#### How to complete this task:
Give the data again in full, without pictures.

#### Dataset section:
────

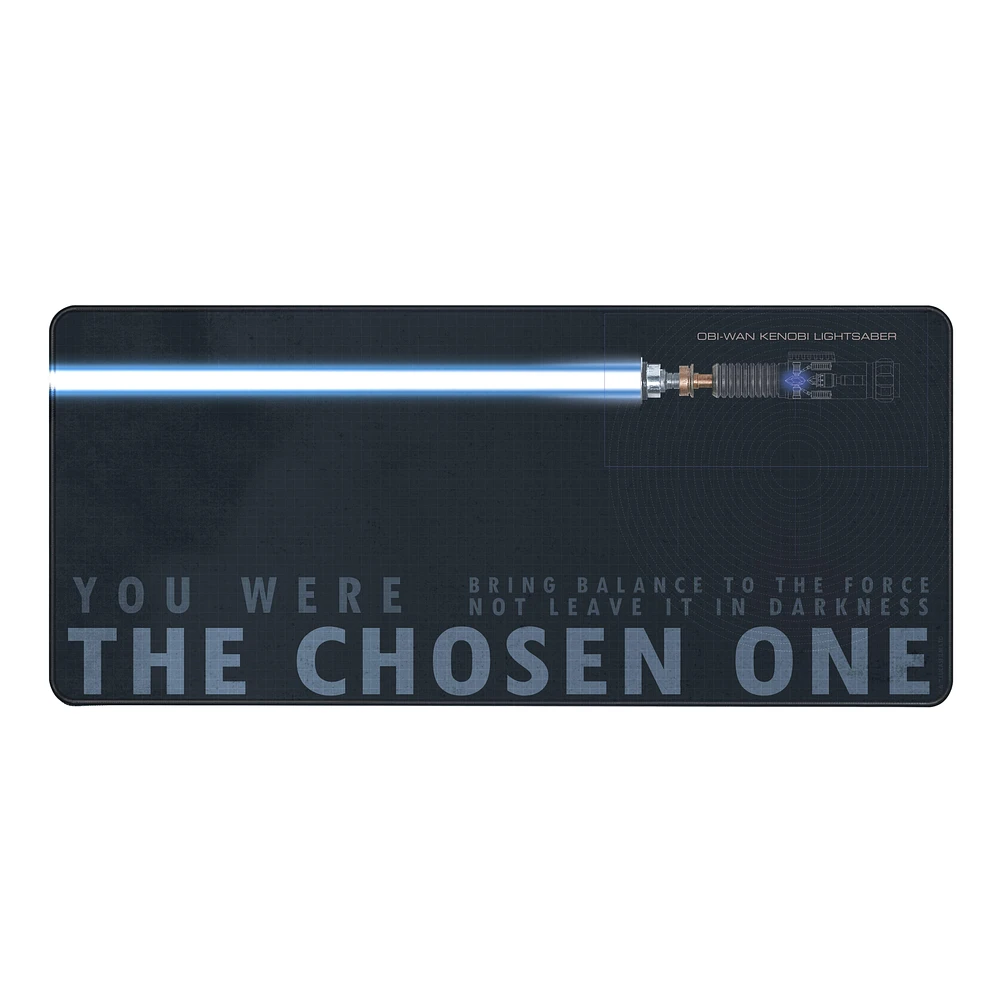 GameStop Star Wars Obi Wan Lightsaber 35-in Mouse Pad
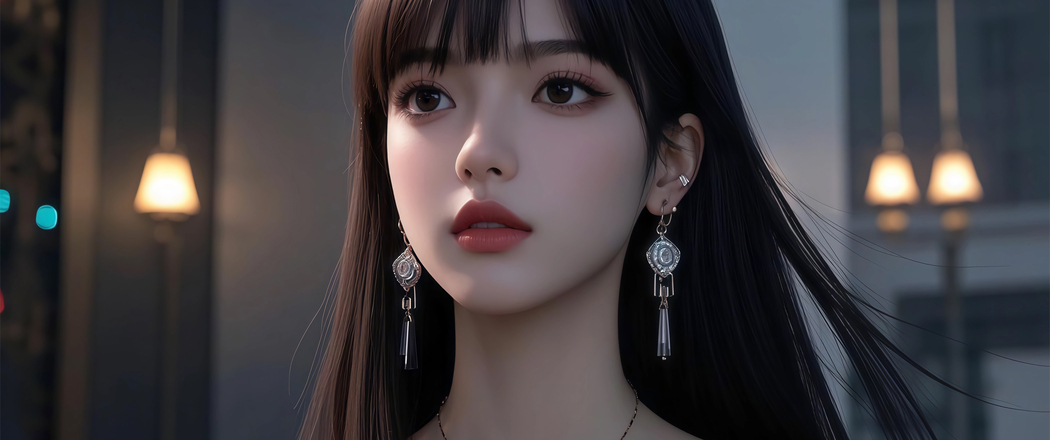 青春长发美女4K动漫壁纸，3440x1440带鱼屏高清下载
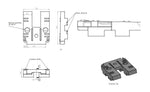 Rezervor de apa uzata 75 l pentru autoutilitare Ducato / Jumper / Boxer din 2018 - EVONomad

────

#### Response:
 GameStop Star Wars Obi Wan Lightsaber 35-in Mouse Pad
 青春长发美女4K动漫壁纸，3440x1440带鱼屏高清下载
 Rezervor de apa uzata 75 l pentru autoutilitare Ducato / Jumper / Boxer din 2018 - EVONomad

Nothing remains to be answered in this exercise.